Another important use case is parallel bulk querying, which can be used for data extraction.
For example, a user may wish to extract all captures by host, prefix, or domain across a very large archive. The user can create MapReduce job to query the CDX server in parallel, where each map task sets the page value. (Implementations of this use case already exist in several forms).
The difference between the bulk query and the regular prefix query, is that the pagination api allows you to query a large dataset in parallel, instead of continuing from where the previous query left off.
But this requires pagination support, which requires the zipnum cluster, but it would in theory be possible to support without (just requires do a lot more work to sample the cdx to determine page distribution).
Another use case was resolving revisit records, if the original was the same url, in a single pass, to avoid having to do a second lookup. This is done by appending the original record as extra fields.
This may be not as useful if most deduplication is 'url agnostic'
_
Use-cases
1. The user has a link to a particular version of a document
This case could be a user referencing a document from a thesis. It is important that the capture referenced is exactly the one the user used when writing the thesis. In this case the user should get the capture that exactly matches both the url and timestamp.
This is more of a replay system option, rather than cdx query.
What happens if the exact url doesn't exist? There is not a way to guarantee exact match just by url and timestamp, you would also need the digest, and you can filter by url, timestamp and digest with cdx server, but not with a replay (archival url) format.
2. The user selects one particular capture in the calendar
Pretty much the same as above, but it might be allowed to return a capture close in time if the requested capture is missing.
I think this is not at all the same as above, but closest capture/timegate behavior. An option could be added to remove closest match and only do exact match, but again, this is a replay system option, not cdx server option..
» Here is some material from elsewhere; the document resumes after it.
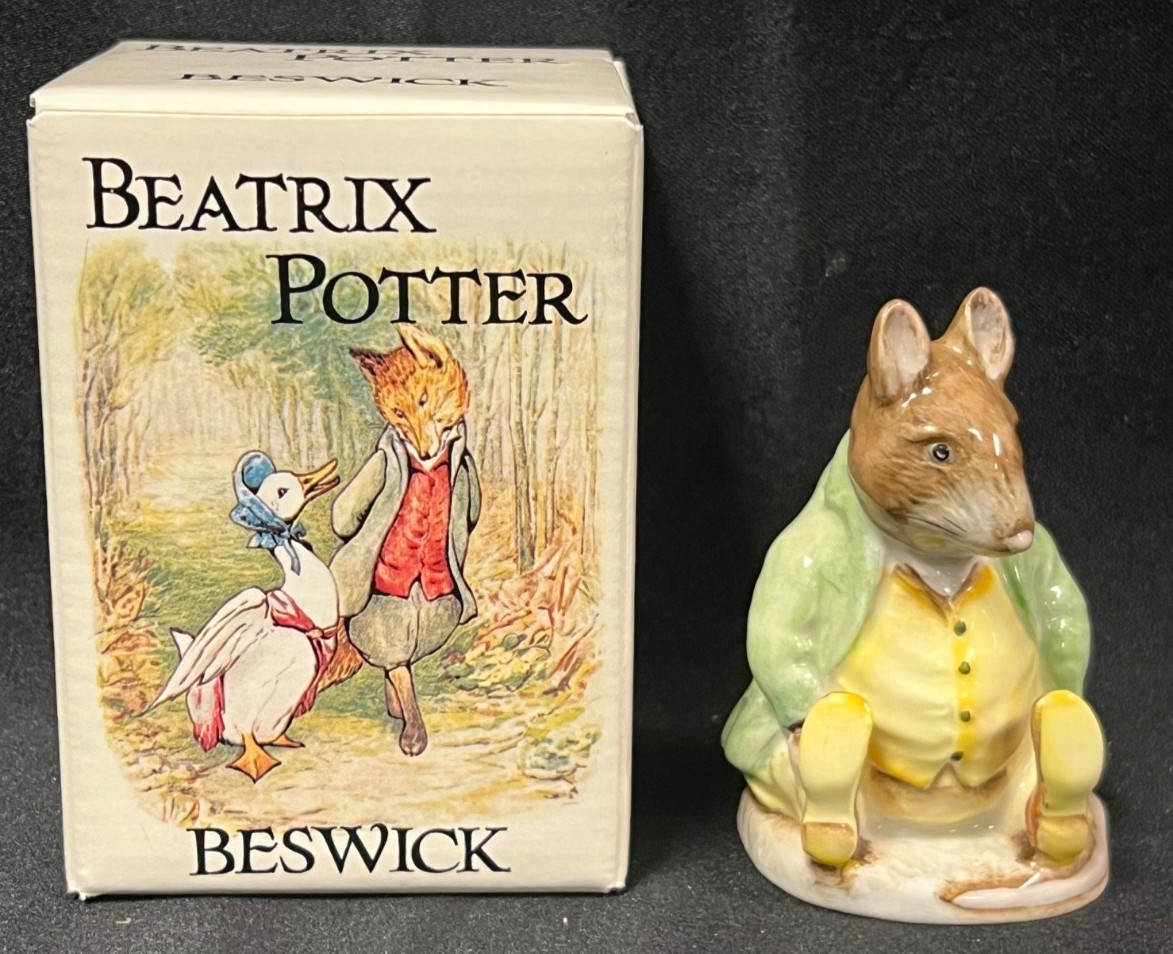 Beatrix Potter Samuel Whiskers 1981 Vtg Beswick England Figure in Box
3. Get the best matching page when following a link
User is looking at a page and want to follow a link by clicking it. User then expects to be brought to closest in time capture of the new page.
4. Get the best match for embedded resources
Similar to above, but user is not involved. This is for loading embedded images and so on.
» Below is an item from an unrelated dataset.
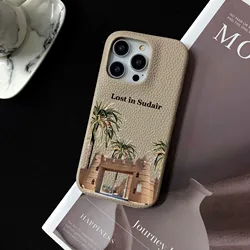 Personalised inevitable Initial kafr letters name Leather Case for iphone 11 12 14 13 15 Pro Max 16 14Plus Luxury Hard Covers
It seems that these all fall under the 'closest match' / Memento TimeGate use case
5. User requests/searches for an exact url without any timestamp, expecting to get a summary of captures for the url over time
The summary of captures might be presented in different ways, for example a list or a calendar.
Yep, this is the Memento TimeMap use case.
6. User looks up a domain expecting a summary of captures over time
7. User searches with a truncated path expecting the results to show up as matching paths regardless of time
8. User searches with a truncated path expecting the results to show up as matching paths regardless of time and subdomain
These are all different examples of the prefix query use case.
9. User navigates back and forth in the calendar
This is already possible with the timemap query, right?
But, could also add an "only after" or "only before" query, to support navigating in one direction explicitly.
10. User wants to see when content of a page has changed
This seems more like a replay api, as cdx server is not aware of embeds or relationships between different urls.